The Pentagon received last week an assessment of the war from Army General Stanley McChrystal, the top U.S. and NATO commander in Afghanistan, which is widely expected to set the stage for a request for more troops within weeks.
Washington has 62,000 troops in Afghanistan and that figure is expected to reach 68,000 later this year. Other nations, mainly NATO allies, have some 38,000 troops in the country.
Almost all NATO nations have been reluctant to send more troops to Afghanistan so any substantial increase will have to come from the United States.
The following are some possible courses of action Obama could choose to adopt:
Some analysts and commentators have argued that U.S. forces should withdraw from Afghanistan and stop devoting large amounts of resources to nation-building and fighting Taliban militants. Influential conservative columnist George Will voiced support for this option this month, arguing the United States should “do only what can be done from offshore”. But Obama is extremely unlikely to adopt this approach, at least for now.
Obama committed himself in March to a well-resourced broader counter-insurgency strategy. In the last week, Defense Secretary Robert Gates has rejected the notion the war could be fought from a distance and dismissed talk of a U.S. military withdrawal as out of the question.
Obama could decide to maintain the U.S. troop level at around 68,000. That figure represents an increase of about 36,000 since the start of the year and the administration could decide it needs more time to evaluate how its strategy is working before making any changes. This option appears fairly unlikely as advisers to McChrystal have said he needs more troops. If McChrystal asks for them, it would be difficult for the administration not to provide at least some of those forces.
The administration could decide to add around 10,000 to 15,000 troops to provide more combat power and increase the training of Afghan forces. McChrystal’s predecessor, U.S. Army General David McKiernan, had already signaled he wanted some 10,000 extra troops in 2010 — including a division headquarters for U.S. forces when they take command of NATO troops in southern Afghanistan and an extra combat brigade.

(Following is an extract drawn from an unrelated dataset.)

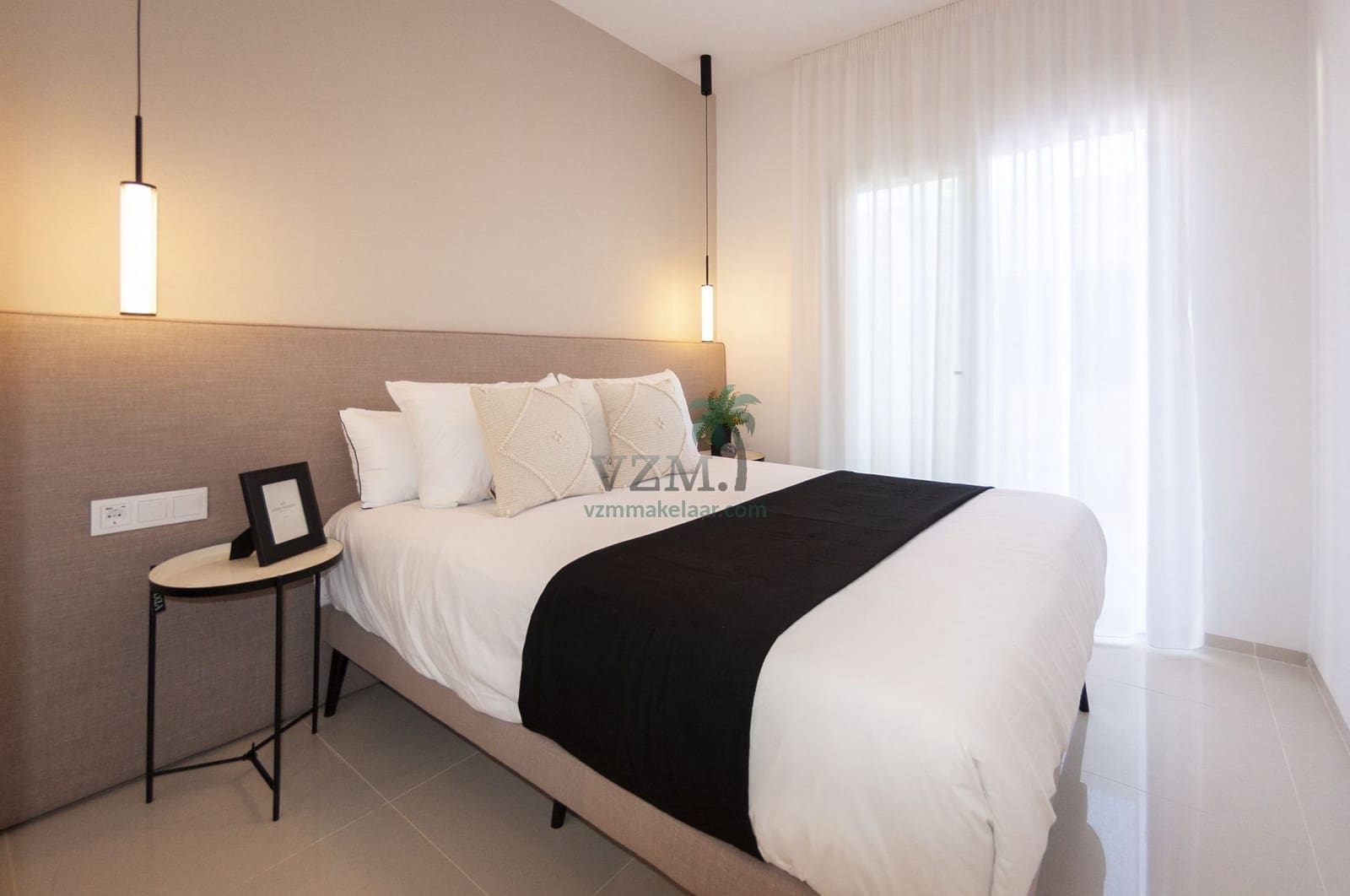 2 bedroom Apartment for sale in Ciudad Quesada with pool garage - € 297,000 (Ref: 9474587)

With the insurgency still strong in the south, apparently regaining ground in the east and making new inroads in other parts of the country, that request may now be seen by military officers as the very minimum required. Another couple of brigades — between 6,000 and 10,000 troops — could now be deemed necessary. Politically, this option would provoke some opposition in Obama’s Democratic party, where unease about the war is growing, but probably not enough to make the administration change course.
Some analysts believe the Afghan war effort is still greatly under-resourced despite this year’s troop increases and requires a further big boost in military forces, diplomats, aid experts and money. Anthony Cordesman of the Center for Strategic and International Studies, who has advised McChrystal, has suggested there may be a need for three to nine more brigades — up to 45,000 more troops.

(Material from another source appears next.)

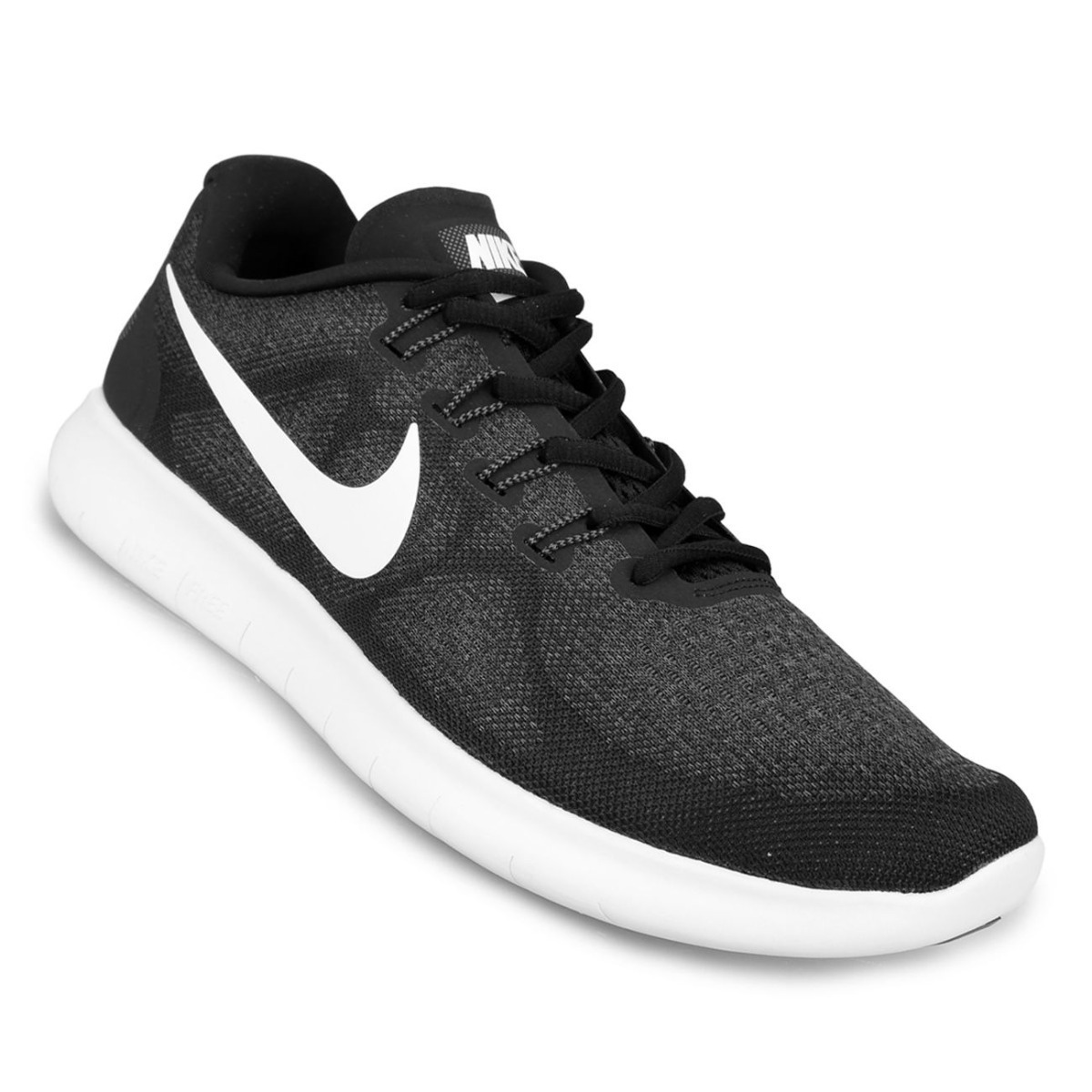 zapatillas nike hombre free zapatillas nike hombre free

This option would be politically difficult for Obama, due to the unease in his own party and fatigue among the American public after eight years of war. It would also raise concerns among U.S. officials that Afghans will see NATO and U.S. forces as hostile occupiers if their presence is too large. Defense Secretary Gates has voiced this concern, although he has recently said he accepts McChrystal’s argument that Afghans’ perceptions will be driven more by how the troops behave than their numbers.
An increase of some sort appears most likely. The size of the increase will depend partly on what McChrystal requests and Obama’s own assessment of the situation in Afghanistan and the U.S. political landscape.
Whichever option Obama chooses, it is likely to be accompanied by an effort to increase the size and quality of Afghanistan’s security forces. Obama could choose to make this the major focus of his next set of decisions on Afghanistan or just one element of the strategy.
Either way, such an effort would still require significant additional manpower from the U.S. military to train, mentor and partner with Afghan police and army units. Current plans foresee boosting the Afghan army to 134,000 and the police to 86,000 by 2010 but both NATO and U.S. officials have suggested Afghanistan should be aiming for a combined security force strength of about 400,000 personnel.